-- Dataset content --
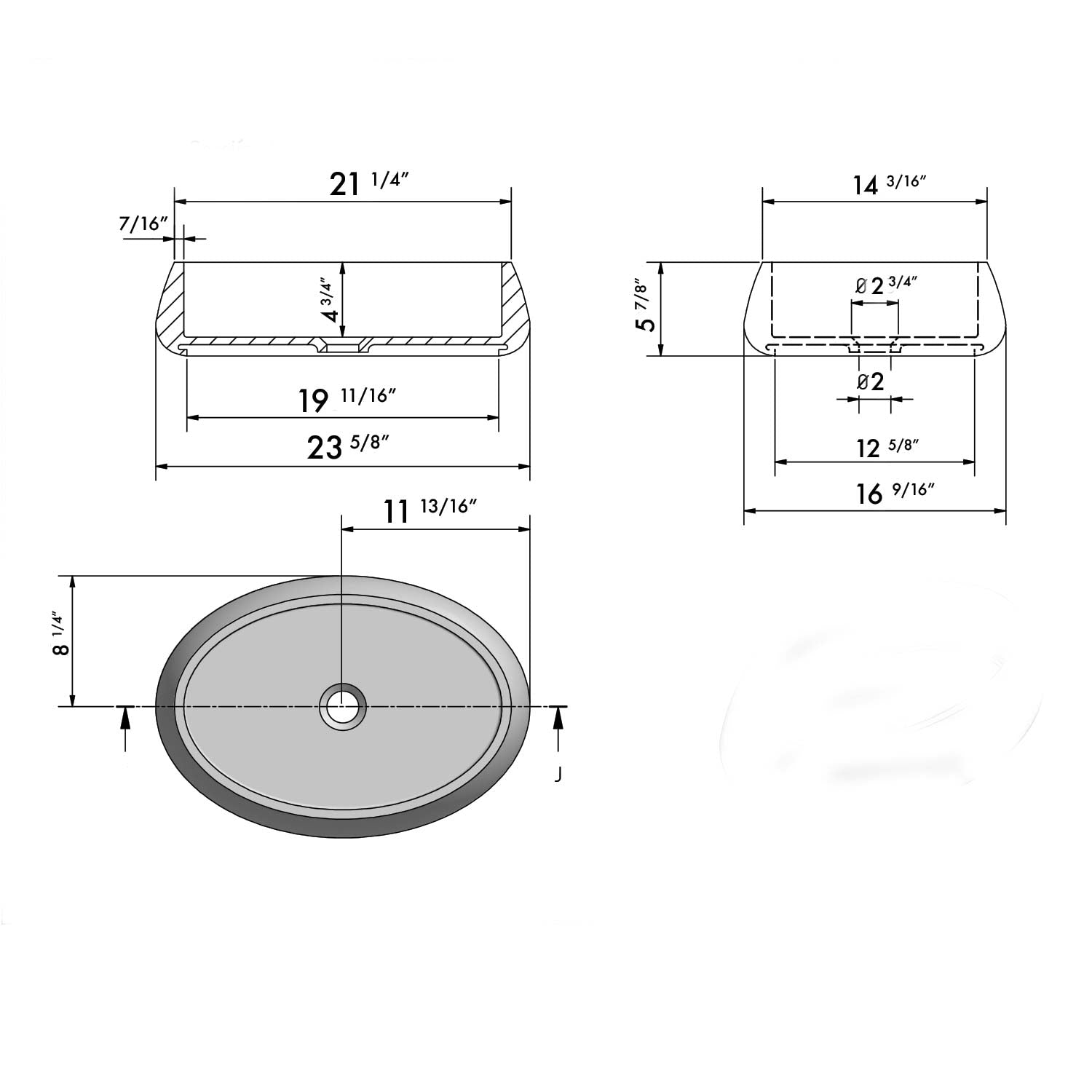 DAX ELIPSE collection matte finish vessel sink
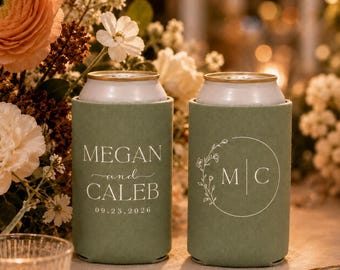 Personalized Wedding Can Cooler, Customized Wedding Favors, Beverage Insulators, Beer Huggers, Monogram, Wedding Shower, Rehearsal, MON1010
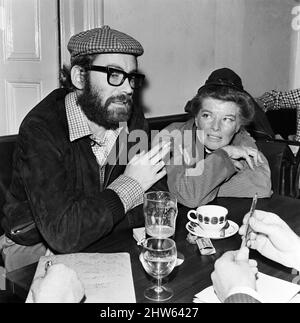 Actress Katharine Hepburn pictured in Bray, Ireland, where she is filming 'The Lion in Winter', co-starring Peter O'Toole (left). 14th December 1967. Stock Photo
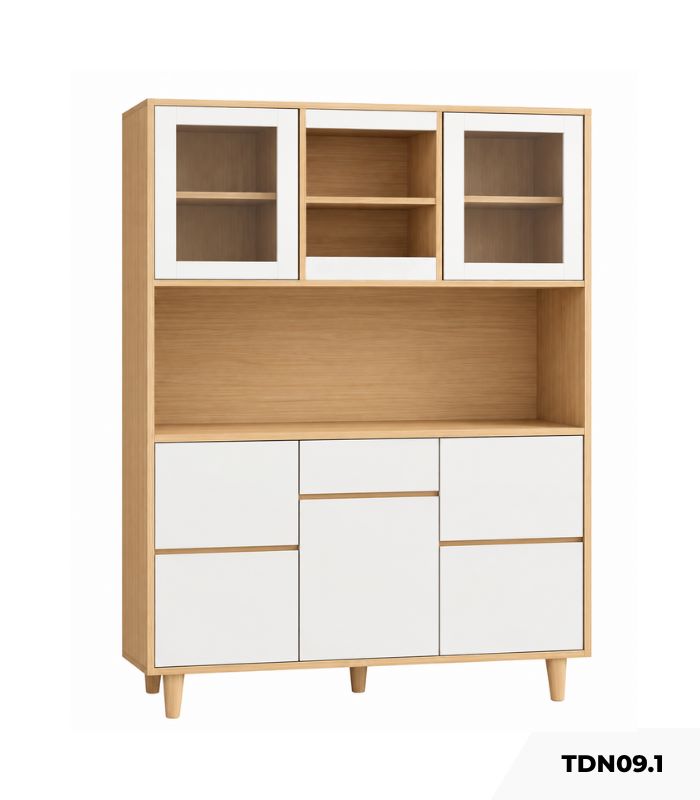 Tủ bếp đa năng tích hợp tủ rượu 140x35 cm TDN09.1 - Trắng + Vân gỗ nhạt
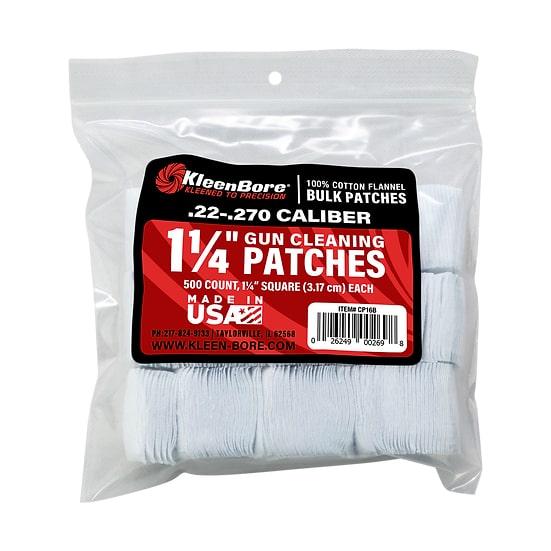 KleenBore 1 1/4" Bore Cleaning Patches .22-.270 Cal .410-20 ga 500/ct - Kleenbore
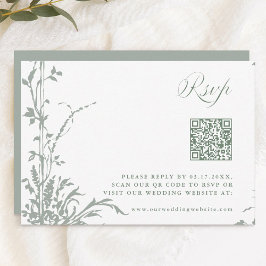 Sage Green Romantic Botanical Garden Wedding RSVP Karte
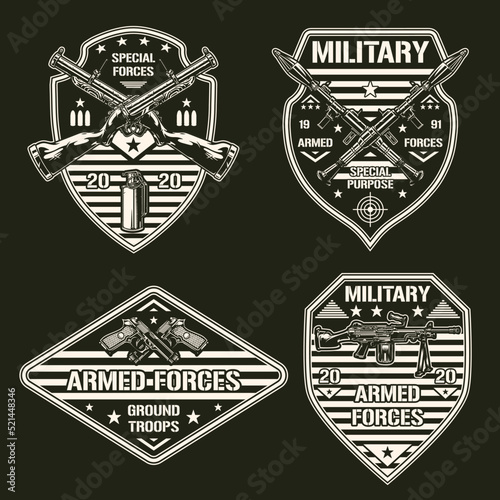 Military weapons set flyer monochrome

-- Problem to work on --
Leaving every picture out, write out exactly the lines from the beginning of the listing above to the line with "500/ct - Kleenbore", inclusive.

-- Response --
 DAX ELIPSE collection matte finish vessel sink
 Personalized Wedding Can Cooler, Customized Wedding Favors, Beverage Insulators, Beer Huggers, Monogram, Wedding Shower, Rehearsal, MON1010
 Actress Katharine Hepburn pictured in Bray, Ireland, where she is filming 'The Lion in Winter', co-starring Peter O'Toole (left). 14th December 1967. Stock Photo
 Tủ bếp đa năng tích hợp tủ rượu 140x35 cm TDN09.1 - Trắng + Vân gỗ nhạt
 KleenBore 1 1/4" Bore Cleaning Patches .22-.270 Cal .410-20 ga 500/ct - Kleenbore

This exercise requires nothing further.